• **ABOUT THIS EXERCISE**: Return every line of the data below exactly, but do not include the images.

▼

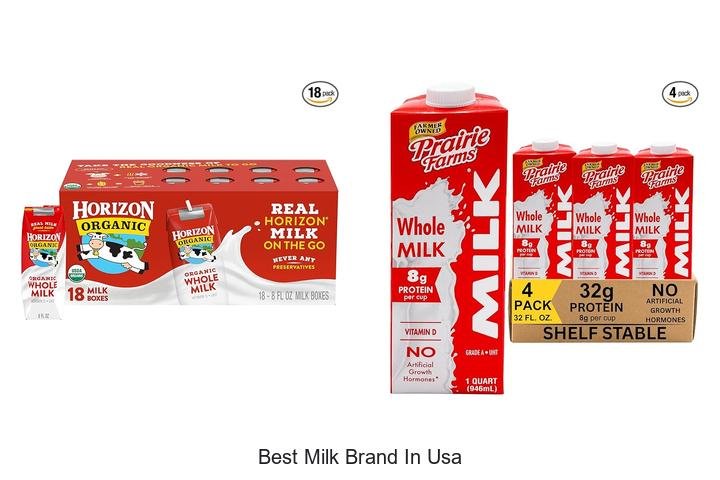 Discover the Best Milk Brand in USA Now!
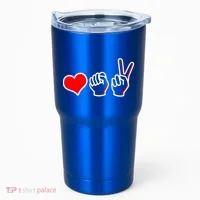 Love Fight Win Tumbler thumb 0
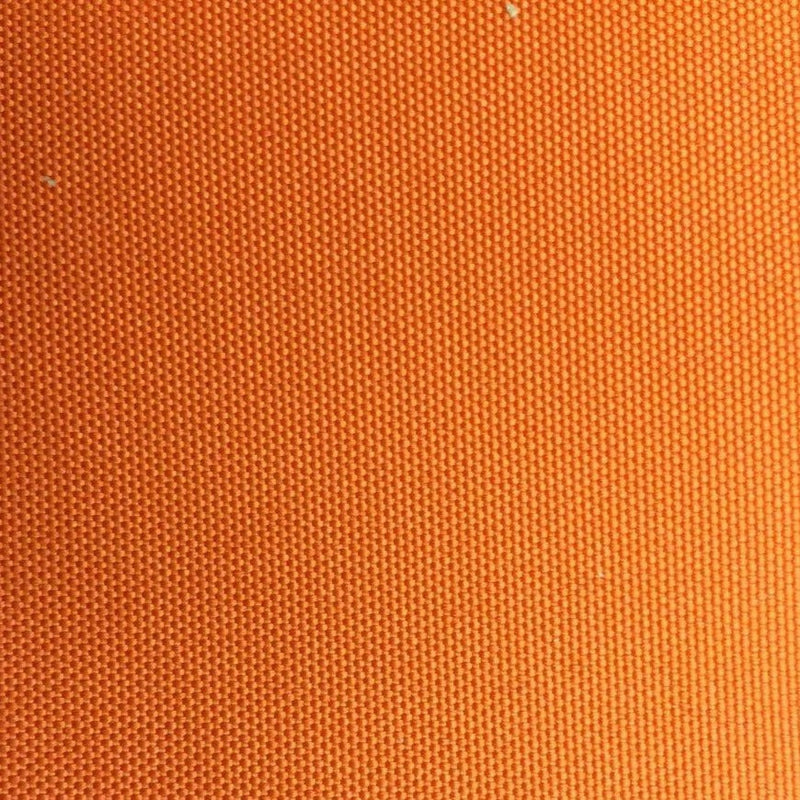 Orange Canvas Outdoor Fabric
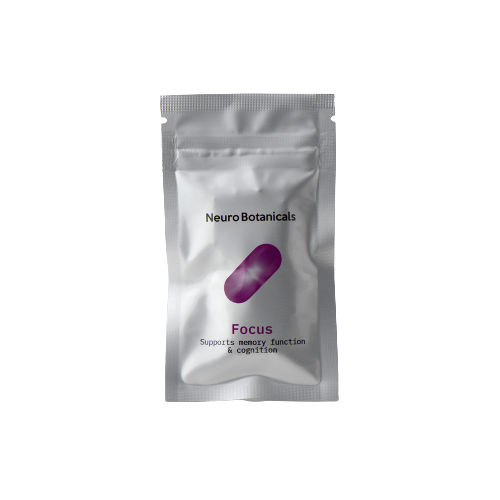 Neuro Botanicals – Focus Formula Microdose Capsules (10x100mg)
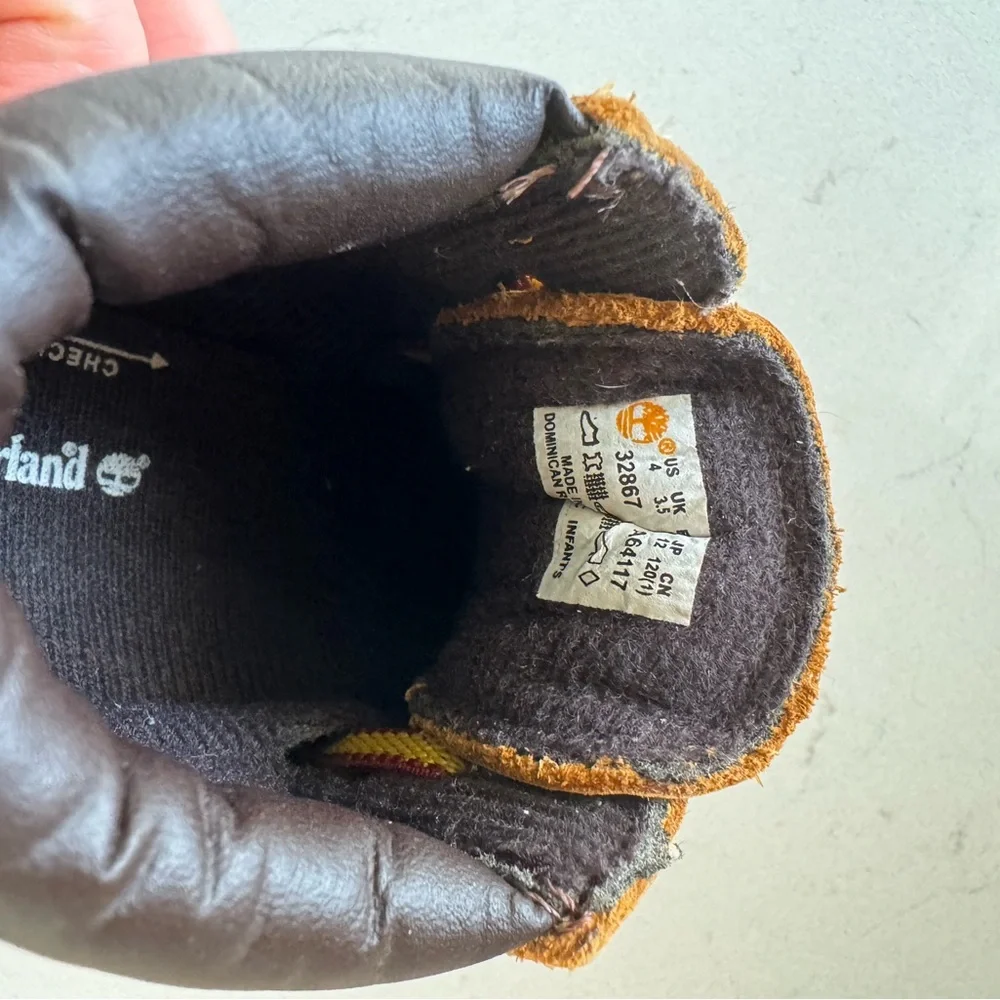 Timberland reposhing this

▲

• **RESPONSE AREA**:
 Discover the Best Milk Brand in USA Now!
 Love Fight Win Tumbler thumb 0
 Orange Canvas Outdoor Fabric
 Neuro Botanicals – Focus Formula Microdose Capsules (10x100mg)
 Timberland reposhing this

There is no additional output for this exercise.